In a lecture entitled The Reviled: Queer Monsters in Canadian Cinema, Concordia cinema professor Thomas Waugh dissected what he called society’s “terror of the anus” for a small, but near-capacity, screening room last Friday afternoon.

Showing excerpts from such varied films as David Cronenberg’s “Naked Lunch,” “Porky’s,” and the award-winning CBC docudrama “Boys of St. Vincent,” Waugh sketched out a pattern of negative imagery of gays, lesbians and the transgender in Canadian cinema.

“Authorship is one of the premises of my book,” said Waugh of his forthcoming book on the same subject. “I’m very interested in where images come from in terms of individual artistic sensibilities.”

Waugh argued that social anxiety over shifting gender roles and sexuality – particularly in the post-sexual revolution / Stonewall era – is reflected in popular cinema, often manifesting itself in monstrous portrayals of gays and lesbians.

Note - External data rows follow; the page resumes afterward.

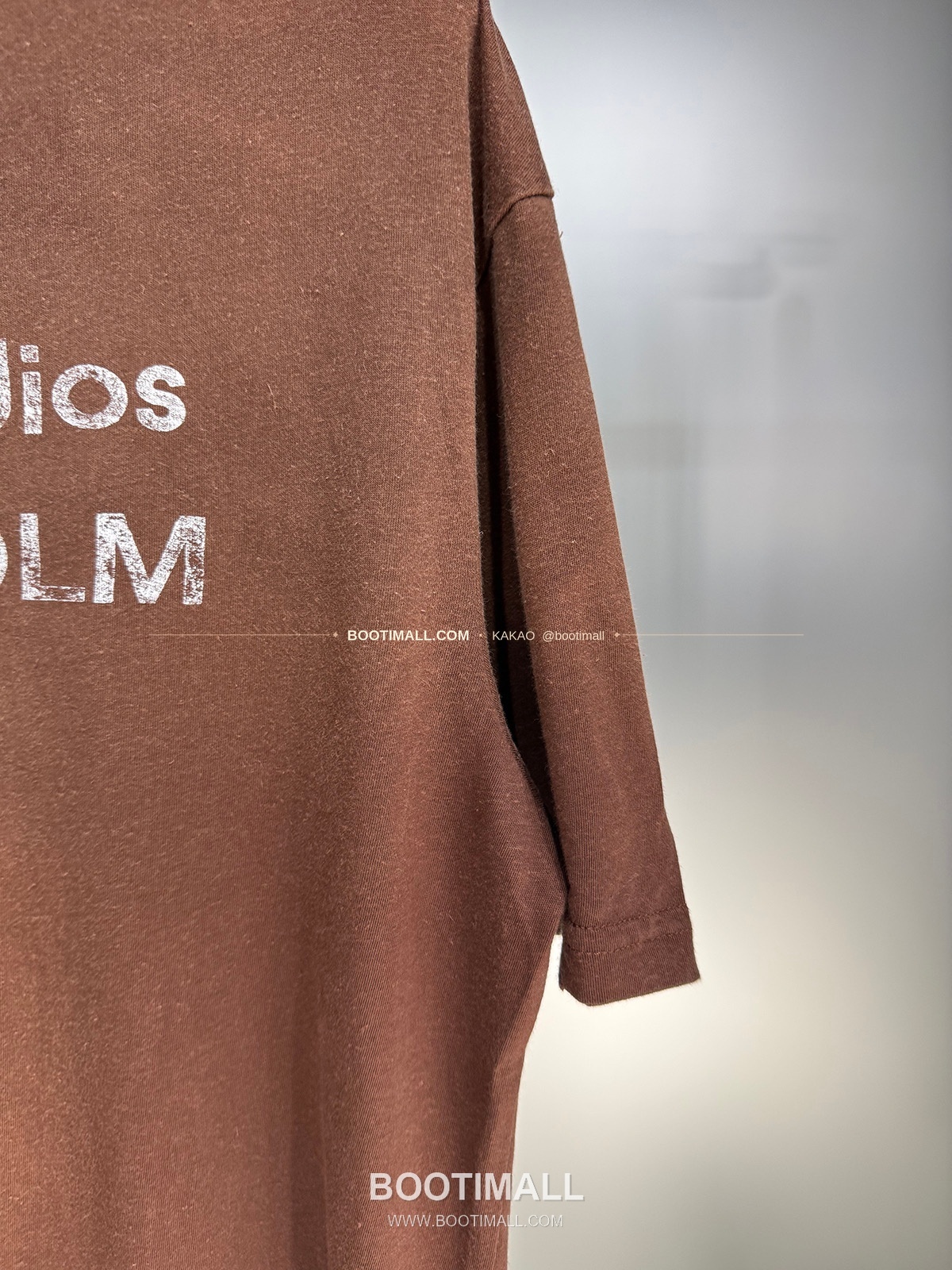 아크네스튜디오 1996 로고 워싱코튼 루즈핏 롱슬리브 티셔츠 Acne Studios 1996 Logo Washed Cotton Loose Fit Long Sleeve T-Shirt 5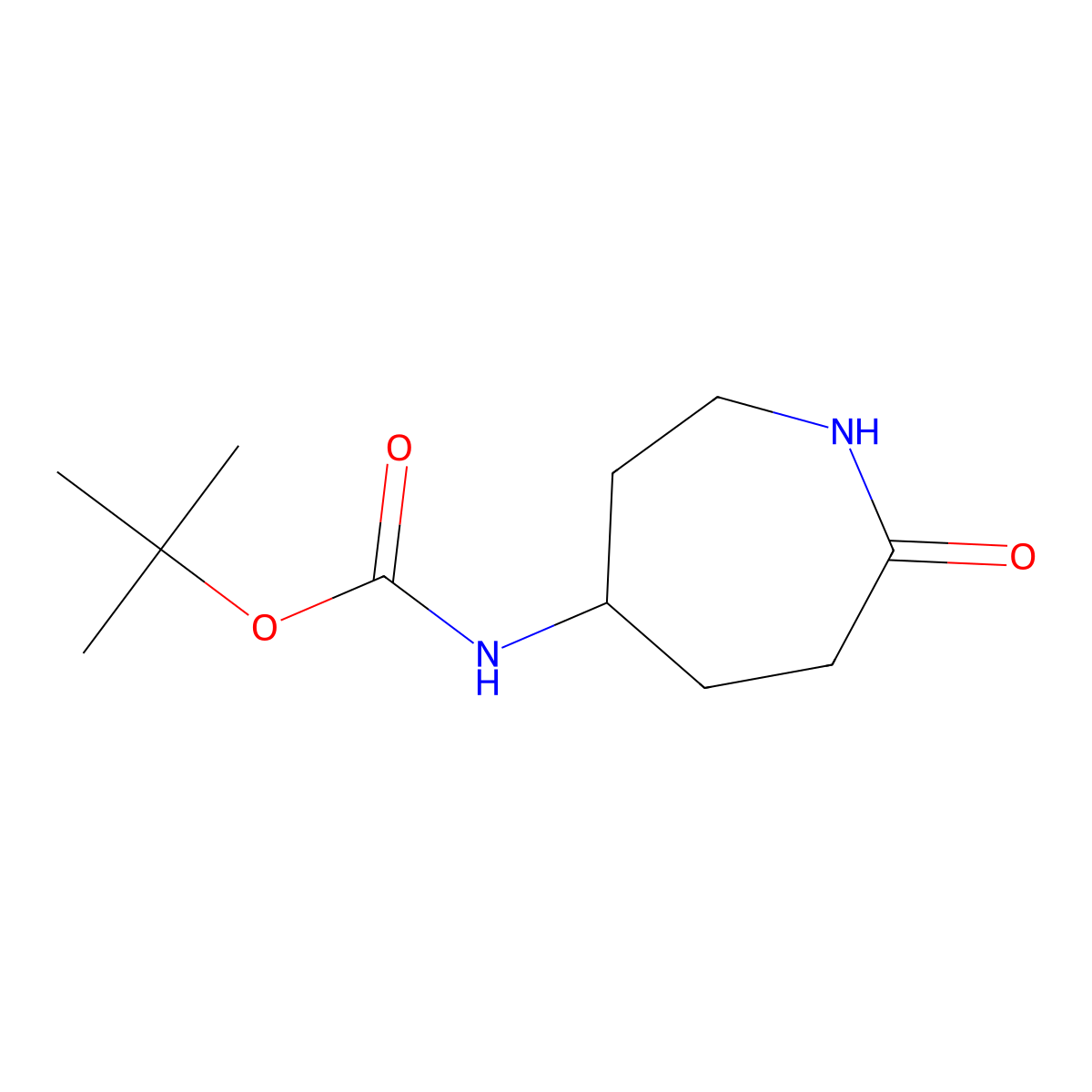 Tert-butyl (7-oxoazepan-4-YL)carbamate molecular structure, CAS 1934866-35-9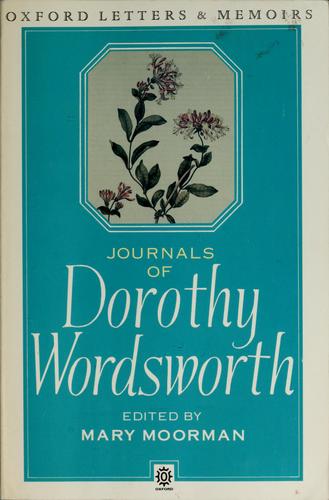 Dorothy Wordsworth: Journals of Dorothy Wordsworth (1991, Oxford University Press)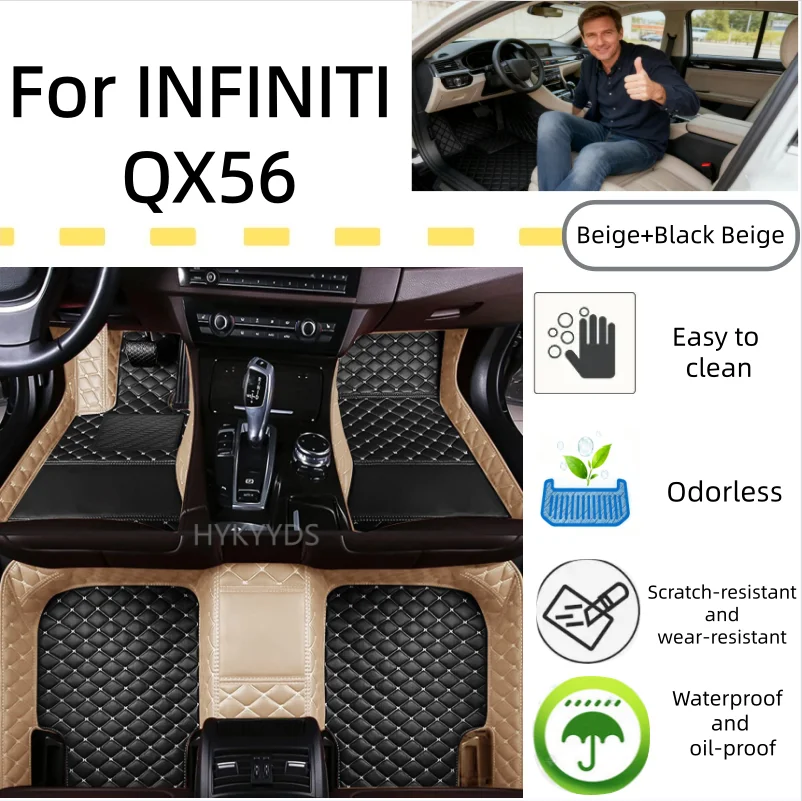 

Custom Car Floor Mats For Chery Tiggo9 OMODA 5 Auto Carpets Foot Coche Accessories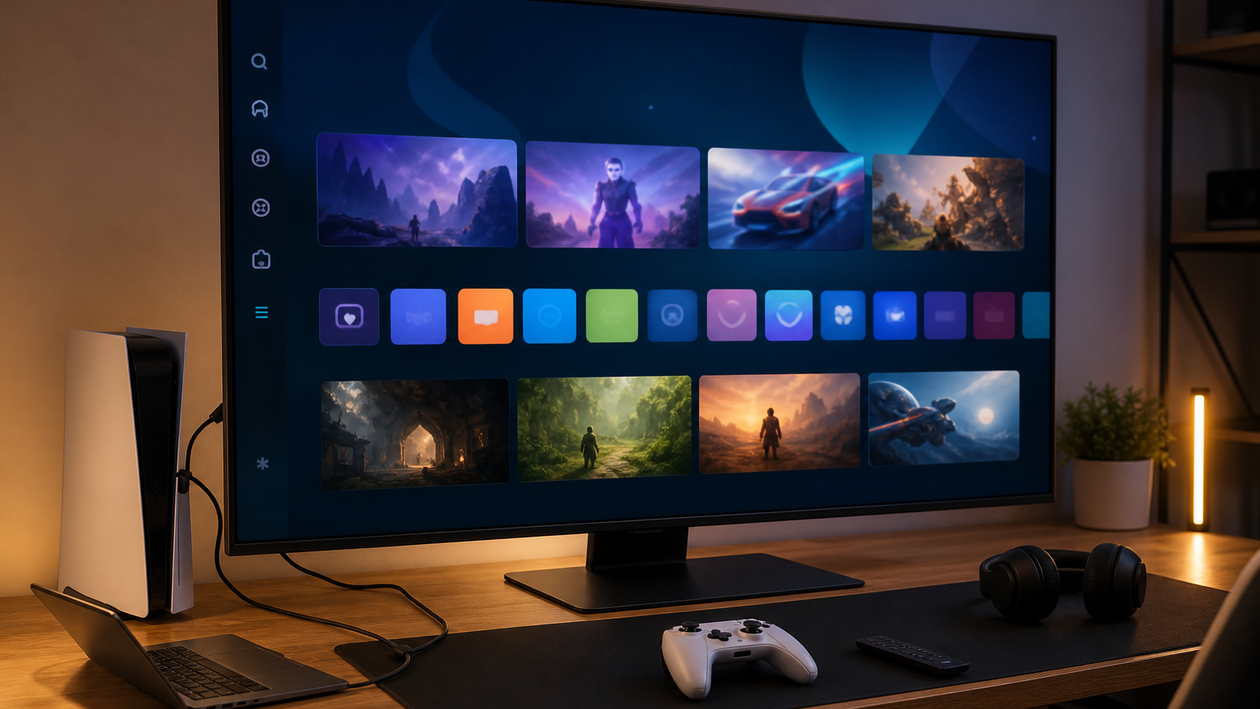 Immagine di 43 pollici 4K con Gaming Hub: Samsung M7 -40% su Amazon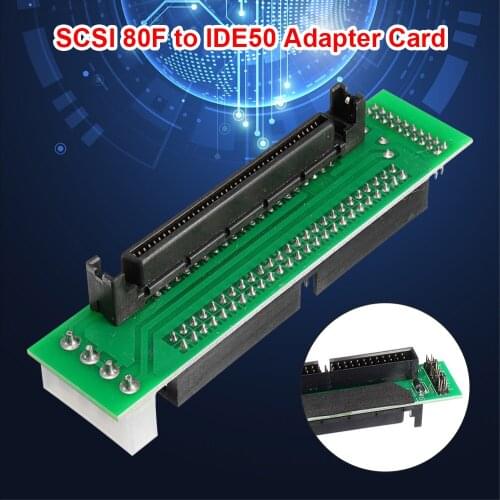 Converter Card SCSI80F IDE50 SCSI SCA 80 Pin to 50 Pin IDE Computer Hard Drive Adapter Card Module Board Accessories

“One of the ways they do this is by creating these monsters of transgression which they exorcise, very often through these spectacular bloodbaths,” Waugh explained.

Beginning his presentation with a clip of The Mark Hall Story, a documentary about Ontario teenager Mark Hall who recently won the legal right to attend his Catholic high school’s prom with his boyfriend, Waugh described (somewhat lamented) the current “normalization of homo-conjugality” in both queer and non-queer cinema.

In contrast, Waugh closed with a series of excerpts from films made by queer Canadian directors like Bruce LaBruce and Noam Gonick, who are “reclaiming” and “reveling in the monstrous.”

These filmmakers, according to Waugh, represent a “defiance of the new gay norm,” and a reaction to the increasing social acceptance of what was once a marginalized subculture.

“Bruce is obviously involved in undercutting this queer aesthetic of normal coupling, and relishing in undermining all of the assumptions about sexuality and social roles for queer people that we’ve inherited from gay liberation,” said Waugh.

Waugh wrapped up by briefly addressing a new obscenity bill currently before Canada’s parliament. The proposed bill, Waugh warned, could greatly curtail the freedom of Canadian artists – and particularly queer ones – in dealing with controversial subject matter by removing the artistic merit defence from the penal code.

“We can’t look at this imagery in the abstract. We must look at it in the context of a whole social, legal and cultural system which continues to de-legitimize it and, in fact, endangers its existence,” he cautioned.

Waugh’s lecture was presented by the Concordia Research Project Sexuality Series and the Minor in Interdisciplinary Sexuality Studies. His forthcoming book is expected to be on store shelves by Christmas, 2004.